THE TASK =
Would you please output, word for word, the span of the listing below that opens on the line containing "Here we have a" and closes on the line containing "So if I should"? Include both ends and nothing more.

========

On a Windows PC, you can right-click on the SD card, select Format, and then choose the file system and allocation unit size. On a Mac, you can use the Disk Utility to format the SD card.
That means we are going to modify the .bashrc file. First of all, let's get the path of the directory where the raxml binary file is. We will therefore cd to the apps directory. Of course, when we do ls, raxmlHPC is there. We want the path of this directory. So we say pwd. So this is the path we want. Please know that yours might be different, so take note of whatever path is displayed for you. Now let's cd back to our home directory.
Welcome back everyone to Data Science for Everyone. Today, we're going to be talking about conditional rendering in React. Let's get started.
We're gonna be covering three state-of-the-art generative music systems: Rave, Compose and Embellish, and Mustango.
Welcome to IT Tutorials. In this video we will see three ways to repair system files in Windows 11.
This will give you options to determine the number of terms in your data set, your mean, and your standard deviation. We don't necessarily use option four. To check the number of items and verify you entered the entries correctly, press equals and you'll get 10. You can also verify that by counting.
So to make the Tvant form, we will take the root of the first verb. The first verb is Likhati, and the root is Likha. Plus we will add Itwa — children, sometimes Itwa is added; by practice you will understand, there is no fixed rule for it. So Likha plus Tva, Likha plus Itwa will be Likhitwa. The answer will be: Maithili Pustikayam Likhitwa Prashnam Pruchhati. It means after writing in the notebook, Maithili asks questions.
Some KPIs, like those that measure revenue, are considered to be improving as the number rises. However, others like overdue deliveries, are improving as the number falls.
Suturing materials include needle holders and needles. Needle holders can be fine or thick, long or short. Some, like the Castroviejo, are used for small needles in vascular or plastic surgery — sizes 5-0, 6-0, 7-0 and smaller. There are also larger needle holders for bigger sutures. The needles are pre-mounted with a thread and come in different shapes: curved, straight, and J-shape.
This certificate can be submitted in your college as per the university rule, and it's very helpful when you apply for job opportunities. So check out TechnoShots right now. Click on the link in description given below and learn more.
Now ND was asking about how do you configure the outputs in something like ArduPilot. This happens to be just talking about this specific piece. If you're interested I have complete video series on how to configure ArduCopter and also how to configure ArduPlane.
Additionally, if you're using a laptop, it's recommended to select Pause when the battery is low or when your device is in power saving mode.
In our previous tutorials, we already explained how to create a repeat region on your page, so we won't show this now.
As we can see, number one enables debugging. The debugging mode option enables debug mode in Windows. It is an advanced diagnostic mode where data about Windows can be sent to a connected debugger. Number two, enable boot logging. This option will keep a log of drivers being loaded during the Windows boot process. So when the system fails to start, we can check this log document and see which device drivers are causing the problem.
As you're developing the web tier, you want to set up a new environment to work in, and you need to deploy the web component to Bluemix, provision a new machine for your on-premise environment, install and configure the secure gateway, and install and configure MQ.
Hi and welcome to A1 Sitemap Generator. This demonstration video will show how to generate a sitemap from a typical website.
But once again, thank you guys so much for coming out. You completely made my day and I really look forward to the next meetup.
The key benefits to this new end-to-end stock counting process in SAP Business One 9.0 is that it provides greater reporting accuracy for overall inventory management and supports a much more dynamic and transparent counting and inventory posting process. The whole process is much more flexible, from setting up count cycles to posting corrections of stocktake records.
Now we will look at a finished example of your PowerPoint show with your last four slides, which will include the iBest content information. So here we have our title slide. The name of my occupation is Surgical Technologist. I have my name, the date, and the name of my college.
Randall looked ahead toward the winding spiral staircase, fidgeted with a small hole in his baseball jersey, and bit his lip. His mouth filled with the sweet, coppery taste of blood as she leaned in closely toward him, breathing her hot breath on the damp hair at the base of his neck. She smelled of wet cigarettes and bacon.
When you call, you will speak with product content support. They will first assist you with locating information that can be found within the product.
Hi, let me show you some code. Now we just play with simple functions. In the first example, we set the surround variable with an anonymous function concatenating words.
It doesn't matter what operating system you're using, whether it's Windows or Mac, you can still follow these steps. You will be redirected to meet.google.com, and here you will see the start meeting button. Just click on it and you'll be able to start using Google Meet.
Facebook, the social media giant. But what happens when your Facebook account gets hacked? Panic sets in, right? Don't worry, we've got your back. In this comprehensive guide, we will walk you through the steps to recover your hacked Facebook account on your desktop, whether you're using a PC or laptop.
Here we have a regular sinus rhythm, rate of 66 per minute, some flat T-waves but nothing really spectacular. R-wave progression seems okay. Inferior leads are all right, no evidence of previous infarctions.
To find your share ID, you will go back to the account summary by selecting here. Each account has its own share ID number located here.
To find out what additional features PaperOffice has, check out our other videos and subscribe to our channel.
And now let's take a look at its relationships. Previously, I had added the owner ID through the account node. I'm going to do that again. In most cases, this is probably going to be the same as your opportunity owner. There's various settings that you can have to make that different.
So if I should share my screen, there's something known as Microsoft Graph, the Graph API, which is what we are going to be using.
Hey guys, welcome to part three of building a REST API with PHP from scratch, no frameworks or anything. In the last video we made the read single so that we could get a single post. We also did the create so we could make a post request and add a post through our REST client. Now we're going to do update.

========

TASK RESPONSE =
Here we have a regular sinus rhythm, rate of 66 per minute, some flat T-waves but nothing really spectacular. R-wave progression seems okay. Inferior leads are all right, no evidence of previous infarctions.
To find your share ID, you will go back to the account summary by selecting here. Each account has its own share ID number located here.
To find out what additional features PaperOffice has, check out our other videos and subscribe to our channel.
And now let's take a look at its relationships. Previously, I had added the owner ID through the account node. I'm going to do that again. In most cases, this is probably going to be the same as your opportunity owner. There's various settings that you can have to make that different.
So if I should share my screen, there's something known as Microsoft Graph, the Graph API, which is what we are going to be using.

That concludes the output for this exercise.